5. Resin-Encased Bat

This little fella is in no way a standard-definition favorite. Initially I thought the bat would help temper the potential Daycare Effect from the inclusion of a lot of toys and action figures. However, when it arrived I found myself unable to even remove him from his little box. He's on both the set and this list because the one person this thing squicks more than me is John Green, something I find mischievously enjoyable.

6. Special Edition Wonder Woman Action Figure

Another fantastic thing this project has allowed for is the indulgence of my own geekery. I'm a Wonder Woman fangirl and this 1941 replica is the best doll ever produced of my all-time favorite pop culture heroine. While that is a pretty glowing endorsement, unless Neko Case is ever made into a proper action figure of this caliber, the title will likely hold strong.

7. Hello Kitty Specimen Jar

I think of this jar as a handcrafted request for a scientific case study. Why? Because Hello Kitty doesn’t have a mouth, is British not Japanese, and a purported grade schooler who in reality is pushing 40. (Again, am I really the only one that finds her lack of a mouth incredibly disturbing?) Regardless, her global popularity is only growing stronger and stronger with time and nothing is more suspicious than cuteness. 

8. Bust of Ron Swanson

On the show we deal in facts. Nothing says Certified Authority Beyond Reproach quite like this nicely detailed official bust of Ron Swanson from television’s Parks & Recreation. Purchased from official NBC Universal store.
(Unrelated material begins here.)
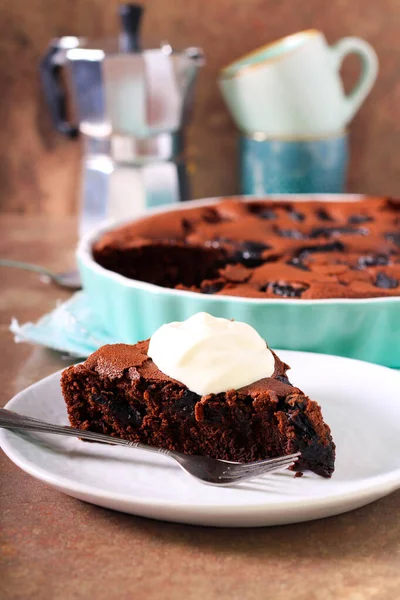 Torte Ameixa Chocolate Servido Com Creme — Fotografia de Stock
9. Medieval Portrait of The Family Green

This painting is my all-time favorite work of Vlogbrothers fan art. It features John throwing our home fandom’s (a.k.a. Nerdfighteria, for the uninitiated) salute, alongside his wife, Sarah, known as "The Yeti" for her policy of on-camera avoidance, and their son, Henry, whose likeness is so adorably captured that it hits right in the feels with every glance. Painted by artist Brie Lee.
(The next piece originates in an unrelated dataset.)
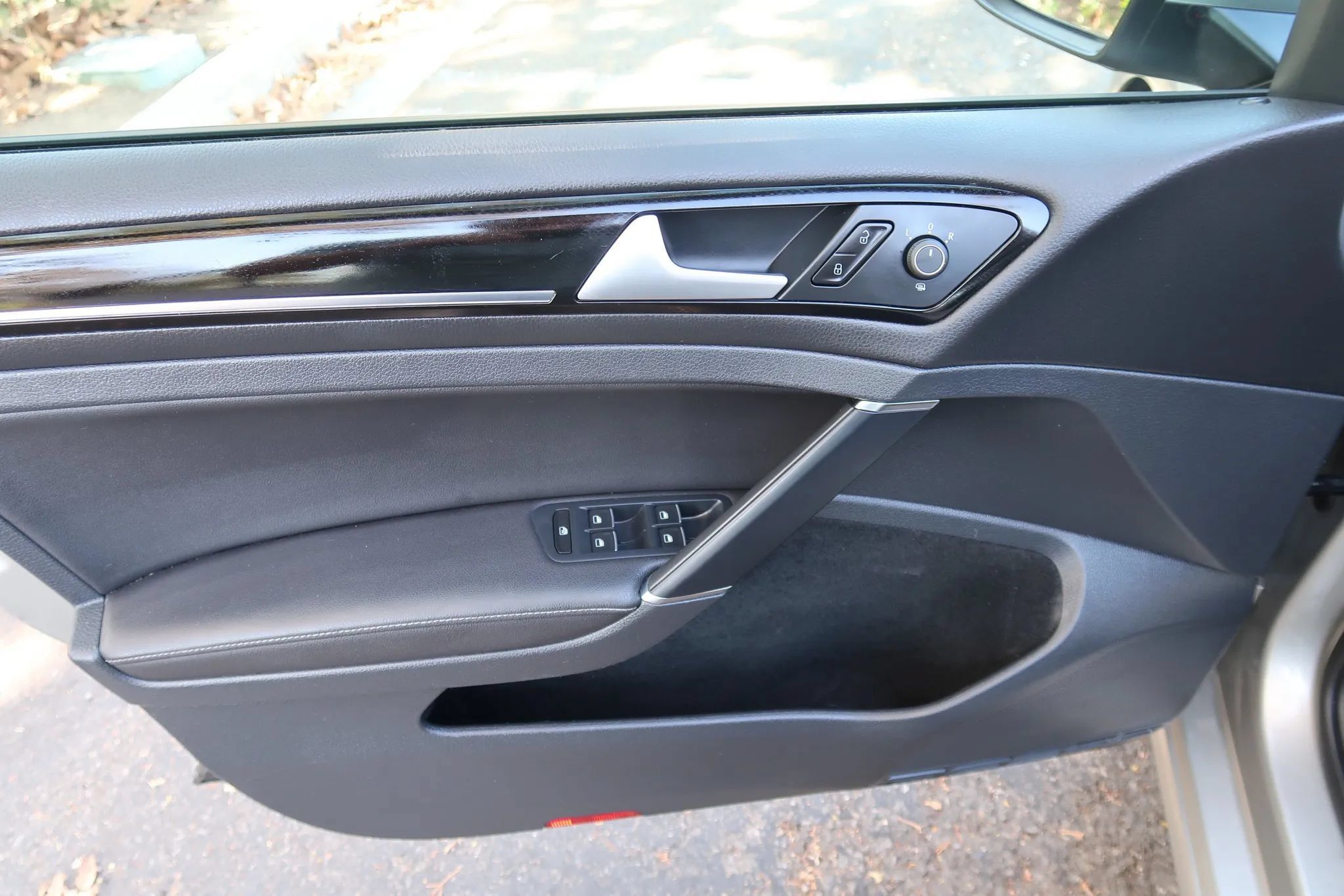 Used 2015 Volkswagen Golf SEL FWD image 17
10. Captain Picard's Inferno

A great example of my reveling the role of Puppet Master. For those who've longed to see Ensign Wesley Crusher—or his alter ego, Sparks McGee—finally flip the script on Jean Luc, this endless Wet Wil-y is for you. The expression on Captain Picard’s face = perfection. Enjoy. (And you’re welcome, Wil Wheaton.)

11. Bow Tie Sculpture Guy

At first glance the bow tie, jacket and hairdo all suggest that it must be the Eleventh Doctor Who, Matt Smith. Wrong. Both the subject of this sculpture and the sculptor himself is none other than Mr. Raoul Meyer, a character ever so slightly less epic than Dr. Who. Meyer was John Green's high school history teacher and most recently the writer of both U.S. and World History courses for yet another show in the Vlogbrothers YouTube Empire, Crash Course. This very special piece is on loan. I’m only hoping to have the strength of character to see to its return as promised.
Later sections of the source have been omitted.